Le refus d’être totalement raccord est aussi un peu en jeu dans le dernier point que je voudrais soulever. Parlant de la nouvelle, la théorie littéraire s’est souvent interrogée sur la forme du recueil et sur sa capacité à transformer un amas de textes en un livre censé et organisé. Annie Saumont, quant à elle, ne semble pas vouloir prendre en compte tant de facticités critiques. Elle ne cherche pas à lier ses textes, mais donne l’impression au contraire de désirer les voir mutuellement se rejeter.
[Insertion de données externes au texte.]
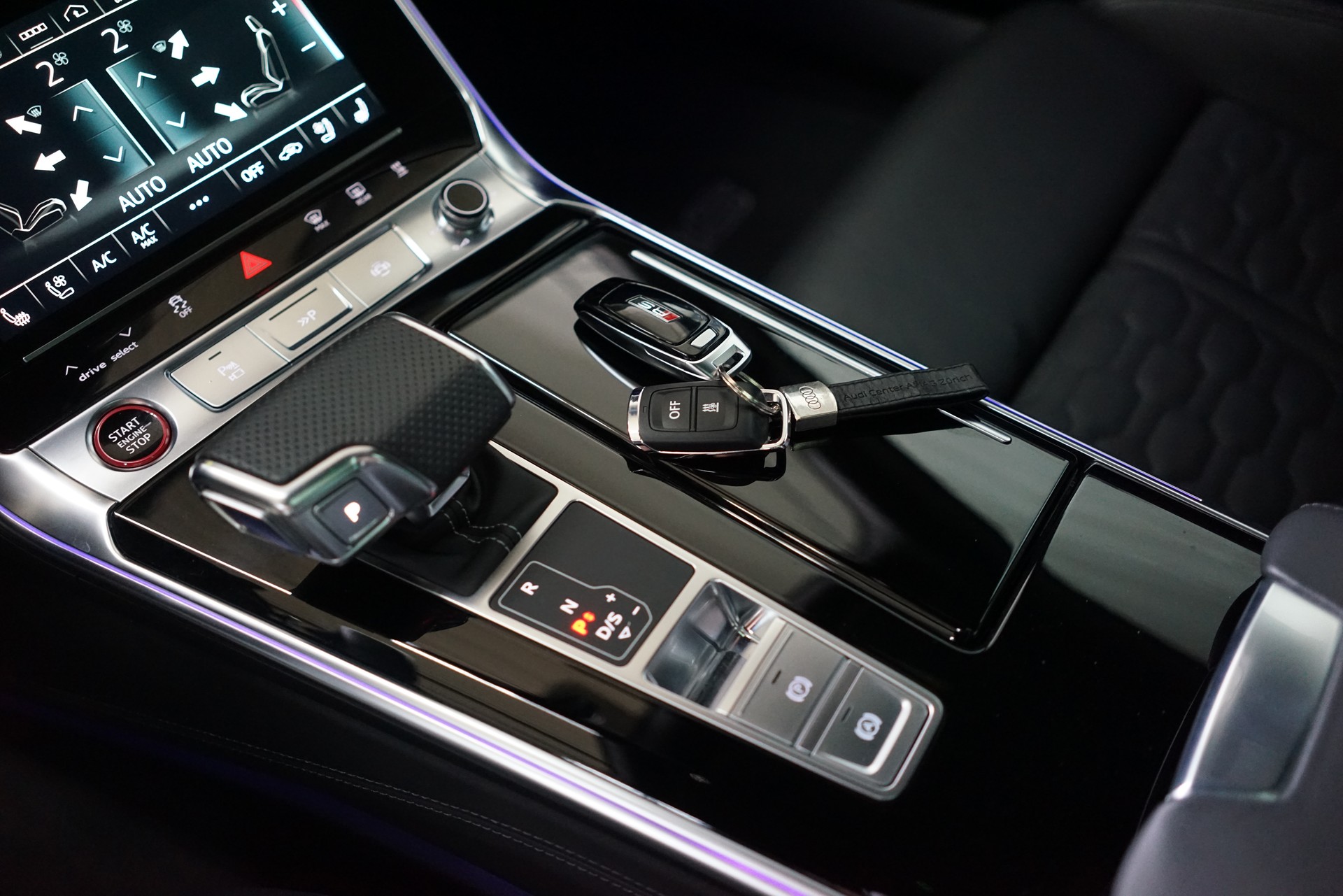 AUDI RS6 Avant 4.0 TFSI V8 quattro / Exklusiv Carbon Kit **-image-21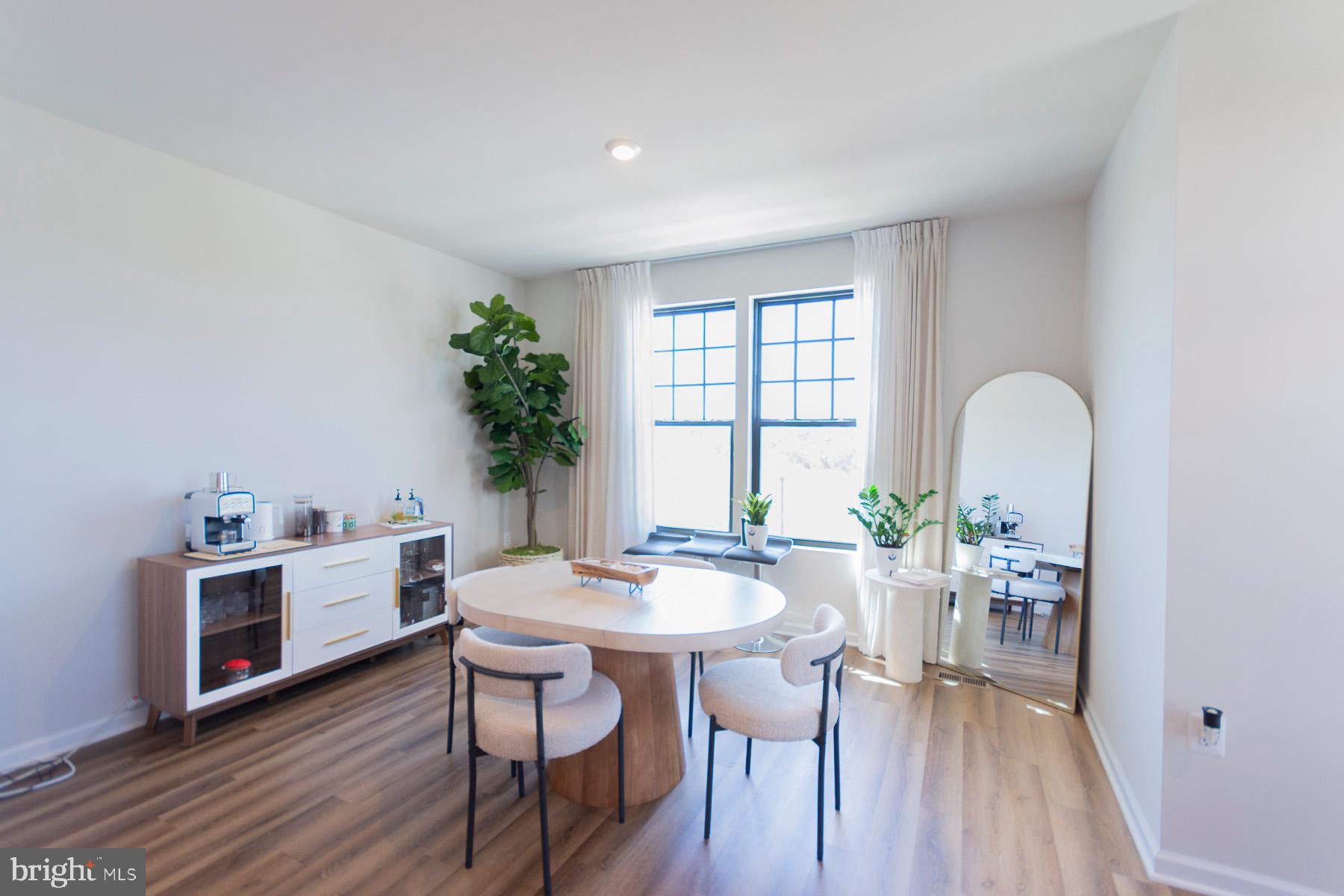 PRESIDENTS POINTE - Residential Lease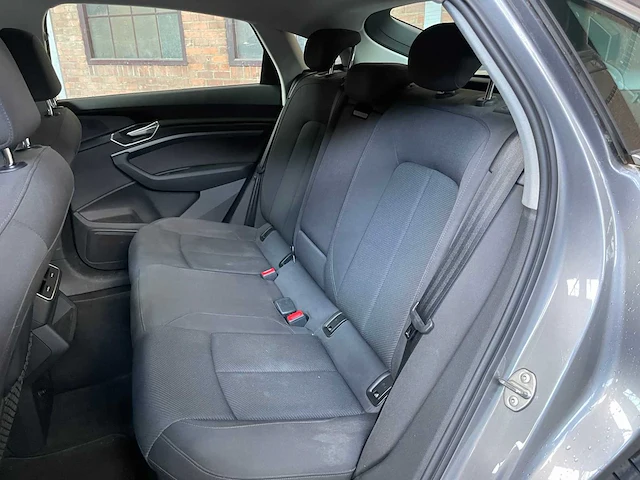 Audi e-tron sportback 50 quattro edition 313pk 2020 (origineel-nl + 1e eigenaar), j-618-gl - afbeelding 59 van  68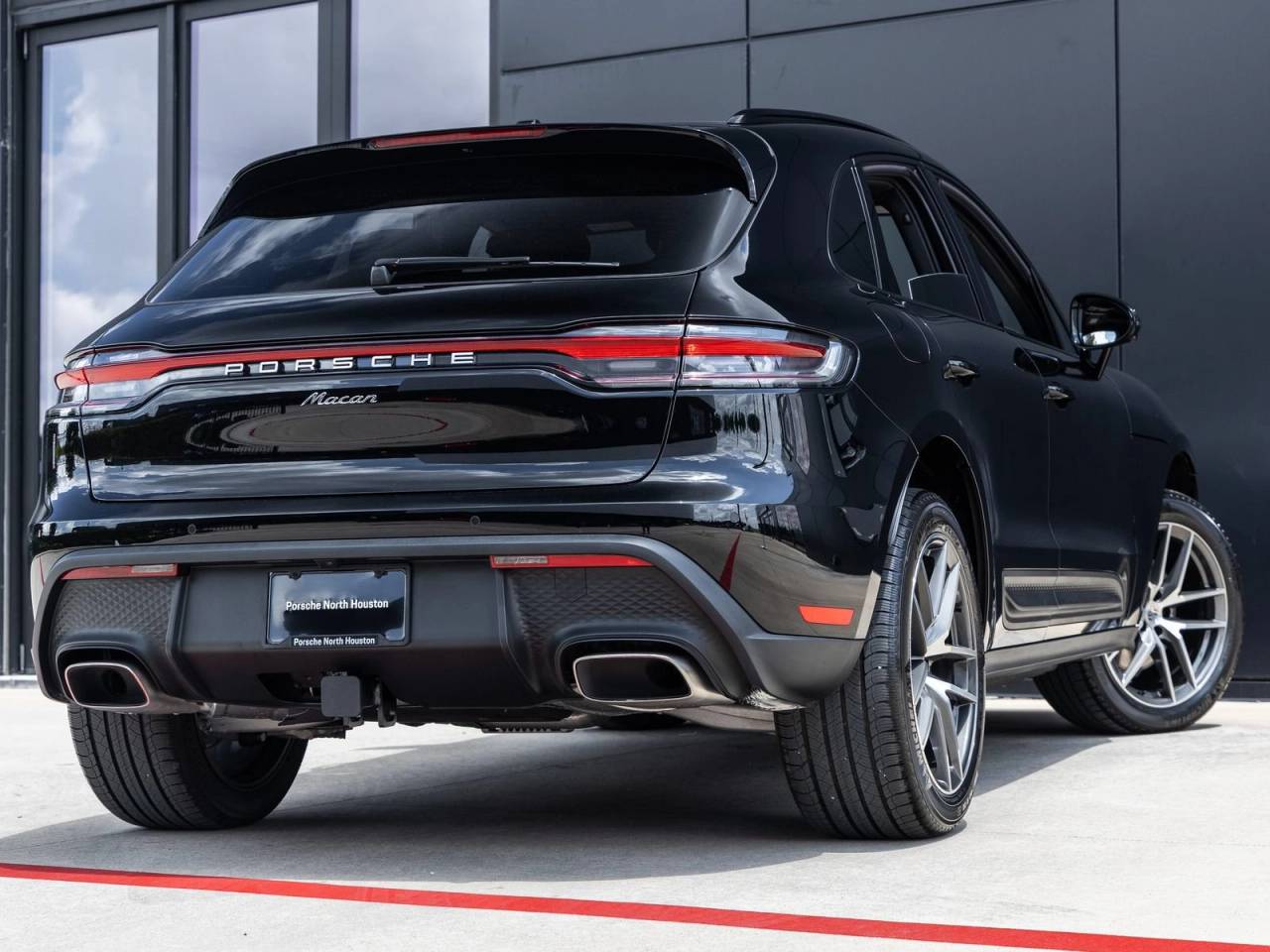 2026 Porsche Macan Macan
Les trois « tapis du salon » qui jalonnent l’ouvrage ne sont que des variations sur un thème et sur une image, qui mènent à leur façon vers des situations diégétiques, narratives et stylistiques parfaitement distinguées. Nous sommes bien loin d’une architecture secrète qui se révèlerait une fois le livre terminé, qui se serait construite entre les lignes et entre les textes. Nous ne sommes pas dans la poésie du blanc de la page, mais dans celui du mot qui la noircit. Chaque texte émerge dans sa plus pure autonomie, il colore l’ouvrage de ses spécificités, crie ses sonorités propres sans prendre en compte les oreilles de la nouvelle voisine. Au lecteur alors de s’immiscer et d’investir chaque note, chaque mot ou phrase. Seul le réceptacle qu’il porte vient faire office de structure.
A condition, bien sûr, qu’il accepte de jouer le jeu d’une œuvre qui refuse toute filiation avec le roman.